Removal of Ammonium from Wastewater by Pure Form Low-Silica Zeolite Y Synthesized from Halloysite Mineral

Pure form, single phase, and highly crystalline low-silica zeolite Y was synthesized from natural nanotubular halloysite mineral by the hydrothermal method. In the synthesis process, the halloysite consisted of SiO₂ and Al₂O₃ was used as starting material with adding supplementary silica and alumina sources. Ammonium adsorption properties of the as-synthesized zeolite Y were studied using batch experiments and the results revealed that its adsorption properties were strongly dependent on contact time, adsorbent dosage, pH, ionic strength, temperature, and initial concentration. The equilibrium data fit well with the Langmuir isotherm compared with the Freundlich isotherm. Kinetic studies showed that the adsorption followed the pseudo-second-order model.

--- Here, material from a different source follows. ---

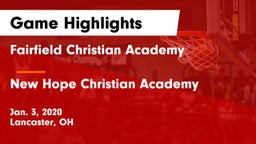 Fairfield Christian Academy  vs New Hope Christian Academy Game Highlights - Jan. 3, 2020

Thermodynamic parameters such as change in free energy (ΔG ⁰), enthalpy (ΔH ⁰), and entropy (ΔS ⁰) were also determined, which indicated that the adsorption of ammonium on zeolite Y was a spontaneous and exothermic process at ambient conditions. Due to its low cost, high adsorption capacity and fast adsorption rate, the zeolite Y synthesized from halloysite has the potential to be utilized for the cost-effective removal of ammonium from wastewater.